You can’t have heatsinking without mass and/or surface area, and Hyperikon lists their bulbs at 41g each per the Amazon page. The Phillips, SunLike, Waveform and other brands I haven’t had any failures from (including in slightly enclosed fixtures) are significantly more massive than that, and often have extended bases.

First (only) two images on this listing: Amazon.com

That’s what I thought, you have never owned one and say they all melt but have zero proof of this. Seriously? I mean, didn’t you and me go over this at least twice in years past?

I’m… not going to buy a product with so many accounts of failure?

That actually wasn’t what I said.

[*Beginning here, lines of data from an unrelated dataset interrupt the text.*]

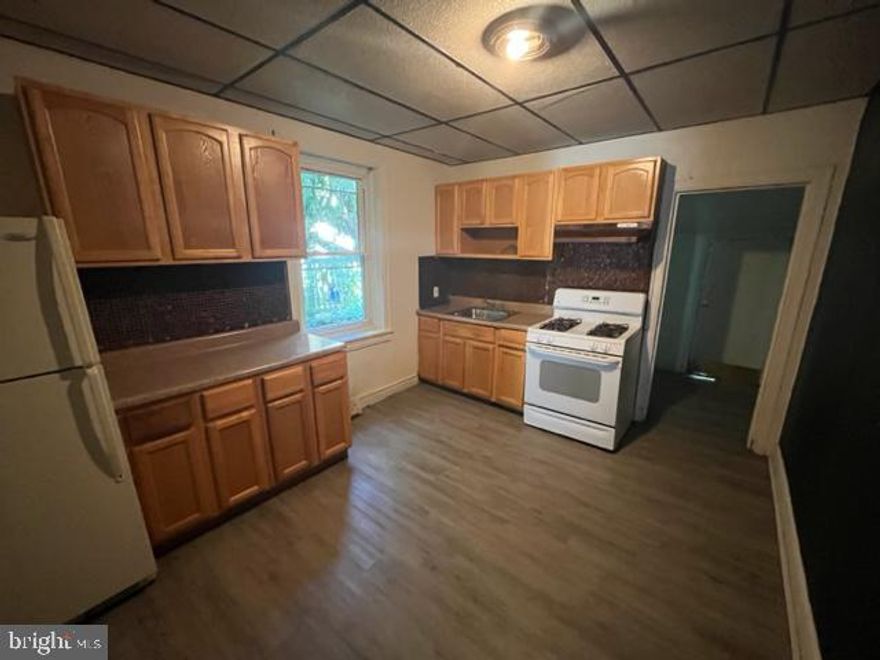 This unit is being sold "As Is"  Come check it out and make an offer.  Perfect for a starter home or for an investor looking to cash flow.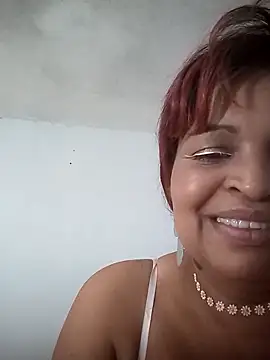 Snapshot of _violetta_- chatting on February 2025 12:30:01 AM violetta - online show from February 2025 12:30:01 AM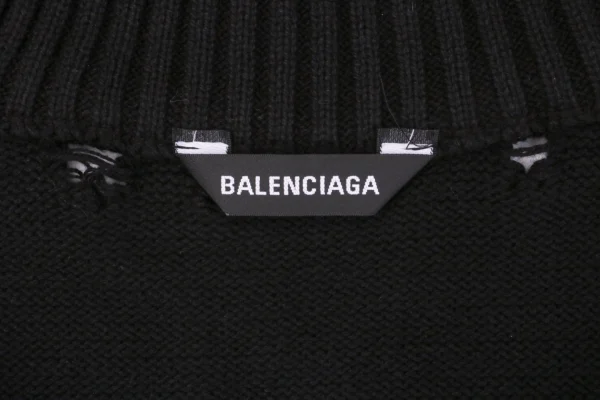 Balenciaga logo tag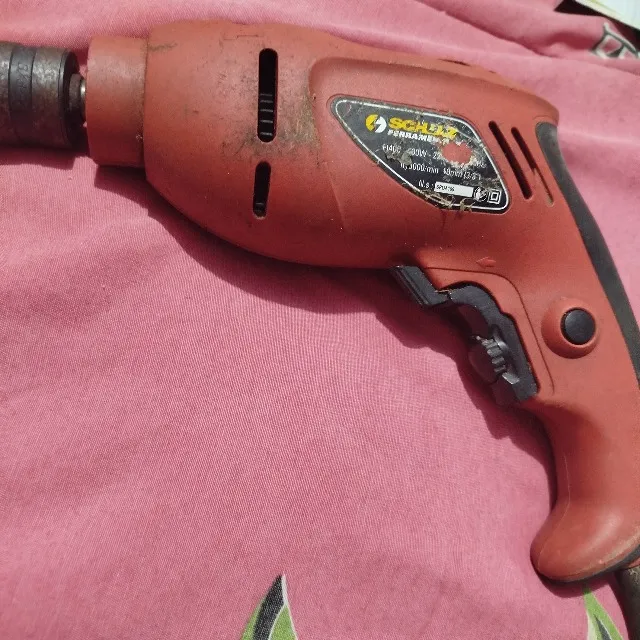 Furadeira shuz 400 w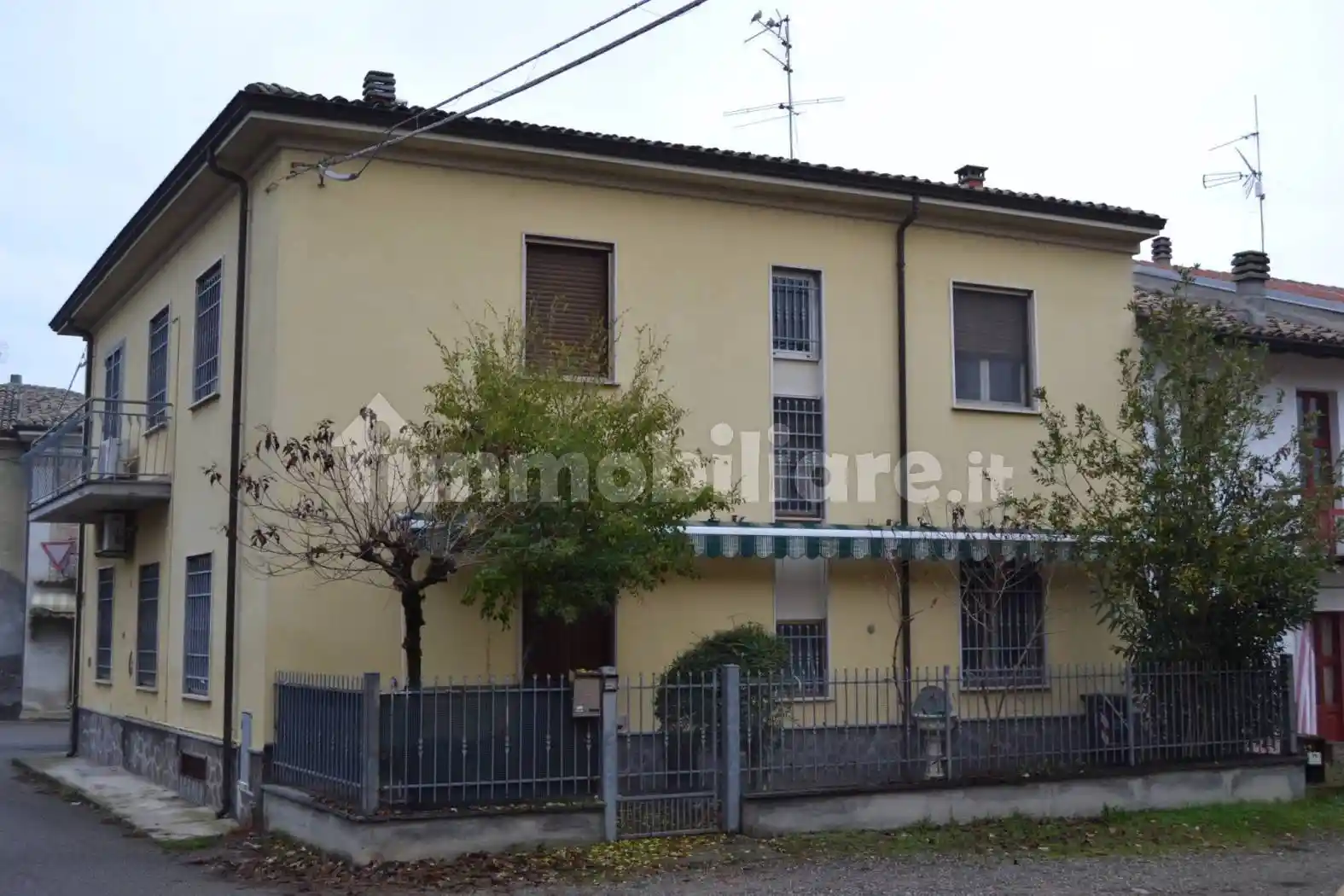 Villa in vendita a Borgonovo Val Tidone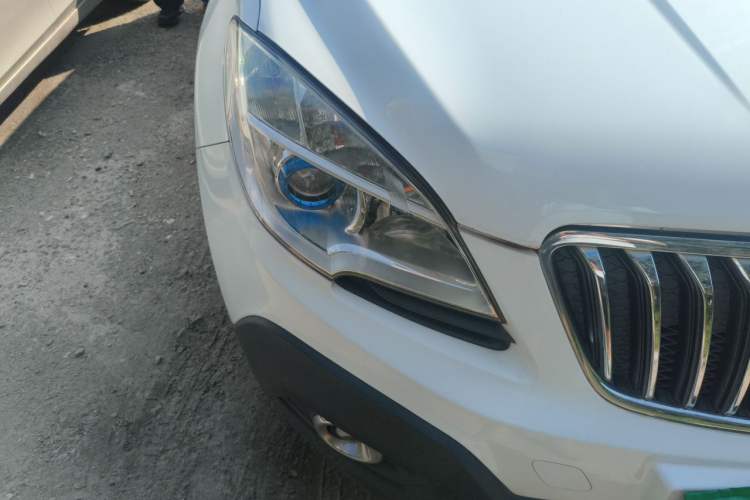Used Buick Encore 2013 1.4T Automatic Two-Wheel Drive Elite Model Right Front Headlight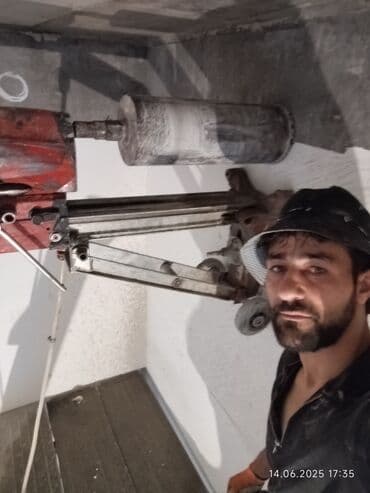 3 eded xoncali taxda qapi lazimdir: #Betonkesme #betondeşmə Beton kubik kərpic - dən kəsim deşim — 13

Insufficient thermal properties are leading to an excessive number of failures and reduced product life span for too many customers for me to have confidence in their reliability and longevity.

Please look at the link.

What you’re doing is a great idea, and I know this site is Budget Light Forum but frankly the base product is not something I have any confidence in and I think there’s ample evidence to support that compared to competing models. You should consider offering other brands bulbs that have been tested and vetted here with the coating IMHO. This brand is clearly saving on overhead big time somewhere and since I buy LED bulbs for longevity, it’s not worth the risk.

Maybe Hyperikon has improved newer models, but until I see evidence of that I will be suspicious of the specs (i.e. weight) and the numerous accounts of poor QC.

I’m using the GE reveal hd+ led in my house…do these suck or something?

sigh. Mass/weight has nothing to do with sustained heat dissipation. Surface area is all that matters once it’s up to operating temp. It seems to me they are transferring the heat out the metal threads to the metal and ceramic socket the bulb is threaded into. That adds needed surface area, and it is totally designed to take the heat.

Personally I don’t care if you have some imagined beef with this brand. But I do mind that every time I recommend them, you pop in to say I am recommending shit. You have repeatedly claim their are loads of reviewers that say they melt, yet when asked for proof, you are like, oh, they must have manipulated ALL the reviews. Geez. You have never owned one! I have been using them for years.

I’ve never got my hands on one, so idk. The reviews look fine. But they don’t tell their CRI rating, so that’s not a good start. Maybe BurningPlayd0h can give a psychic review.

90ish? What’s a good high cri bulb from Amazon and…will it matter between 90 and say, 98 cri?

I have the BR30 Reavel HD+ bulbs, they are of decent quality

Interesting, thanks. If you have the Duv reading, that would be interesting too.
That BR30 Reavel HD+ bulb looks remarkably like the Hyperikon A19: (Duv=–0.0009)

Here’s a Hyperikon BR30, but in 4000k because that’s all I have: (Duv=–0.0016)

I measured a half a dozen GE Reveal bulbs before and they usually have a DUV of –0.0035 or lower and R9 of at least 50. They have the best tint I’ve seen but they burn out the quickest. I’ve had so many died within days or weeks.

Thanks SKV89, I know you have been on quite the search for LED strip. I was wondering what bulb you like these days?

As a side note, I switched the title of the thread to Discussion so we can all throw positive suggestions into the ring.